* _Supplied entries_
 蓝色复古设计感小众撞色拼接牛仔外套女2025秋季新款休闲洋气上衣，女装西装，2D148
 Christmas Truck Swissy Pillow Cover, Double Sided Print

==

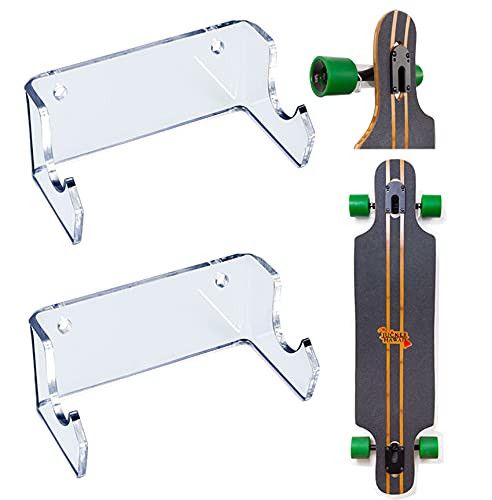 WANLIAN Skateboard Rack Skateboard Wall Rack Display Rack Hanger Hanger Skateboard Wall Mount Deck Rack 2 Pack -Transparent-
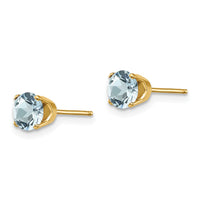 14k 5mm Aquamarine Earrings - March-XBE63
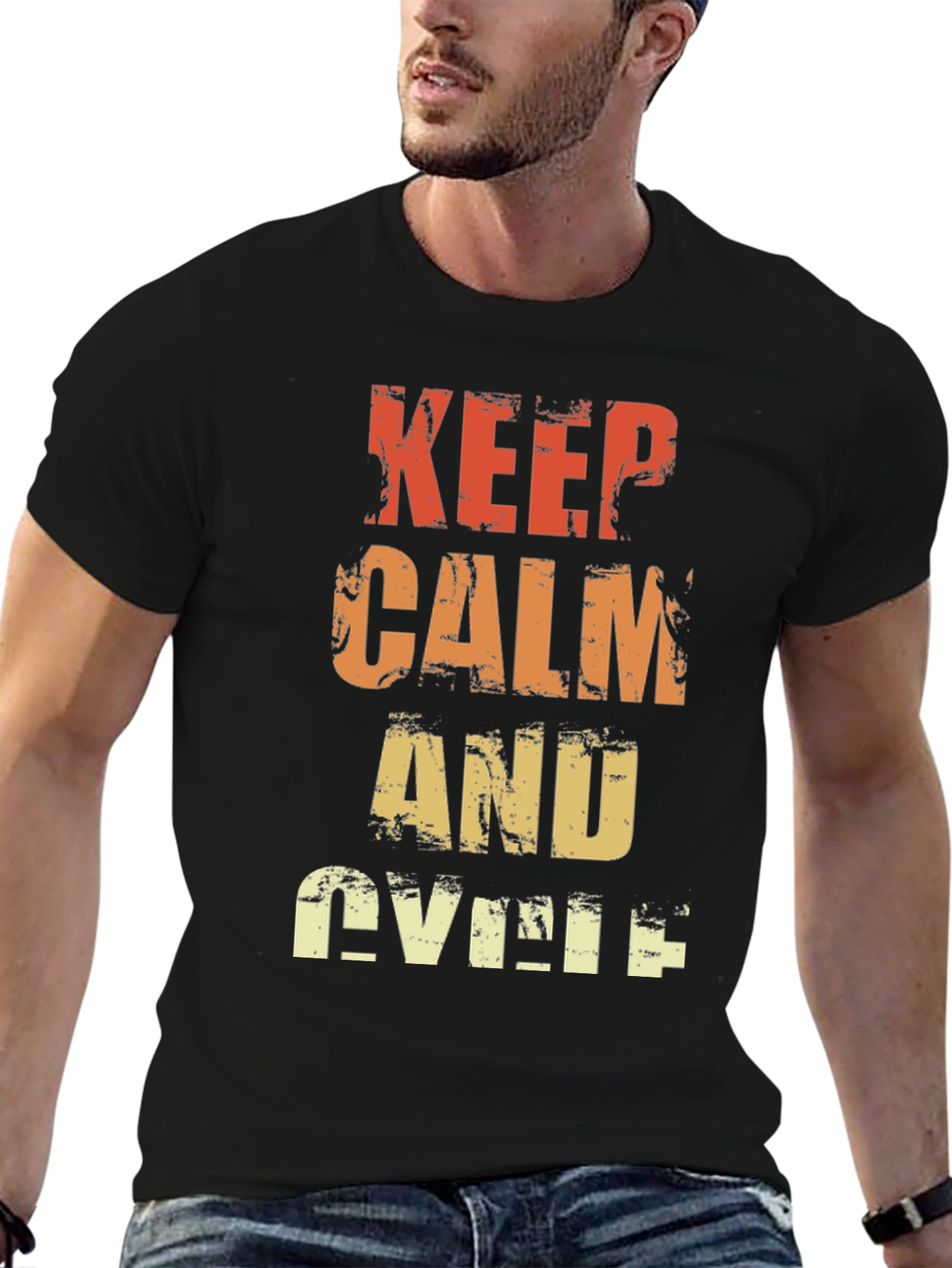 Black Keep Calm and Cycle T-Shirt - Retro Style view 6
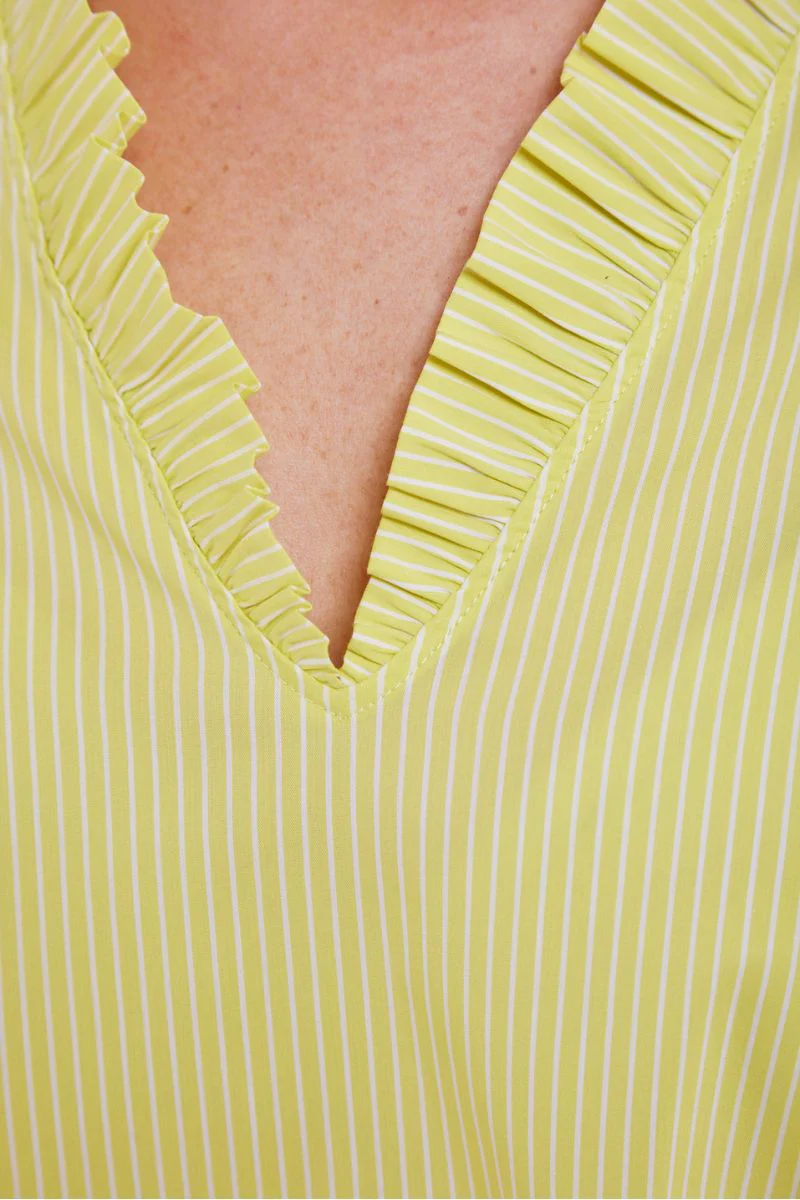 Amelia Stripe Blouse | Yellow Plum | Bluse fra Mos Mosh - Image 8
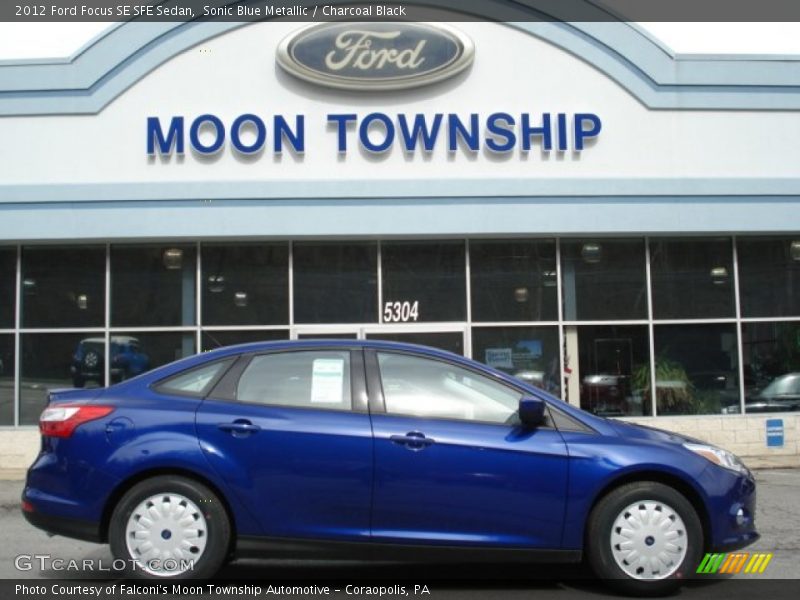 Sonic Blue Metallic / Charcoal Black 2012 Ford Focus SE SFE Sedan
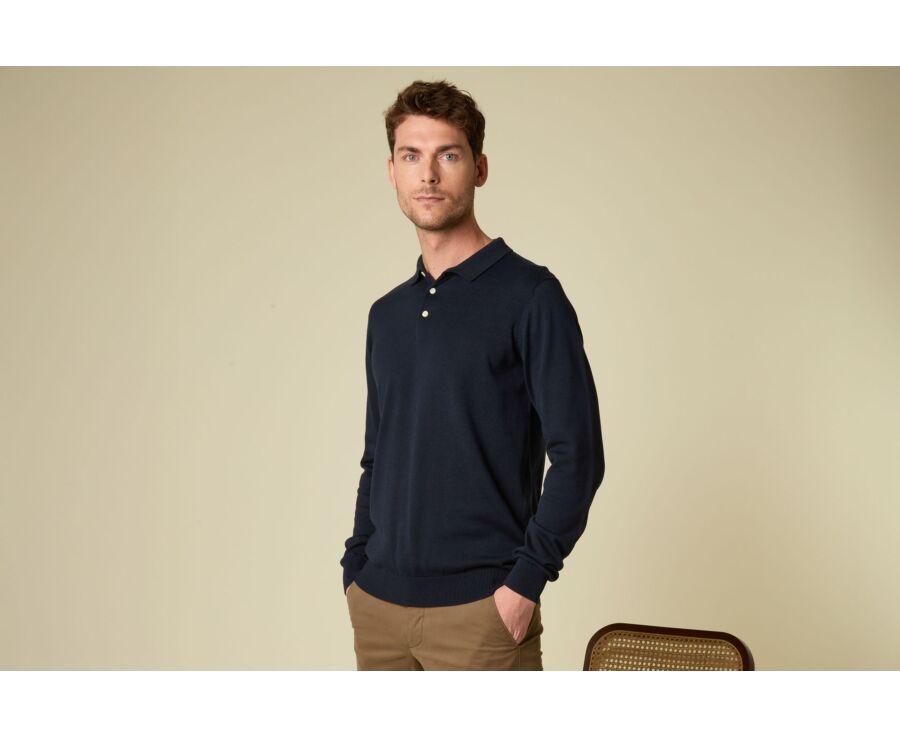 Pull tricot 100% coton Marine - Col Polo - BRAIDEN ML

* _Assignment_
The data above holds the lines to copy: start at the one with "Sonic Blue Metallic", stop at the one with "Pull tricot 100%", include both, copy them exactly without pictures, and copy nothing else.

* _Solution to this problem_
 Sonic Blue Metallic / Charcoal Black 2012 Ford Focus SE SFE Sedan
 Pull tricot 100% coton Marine - Col Polo - BRAIDEN ML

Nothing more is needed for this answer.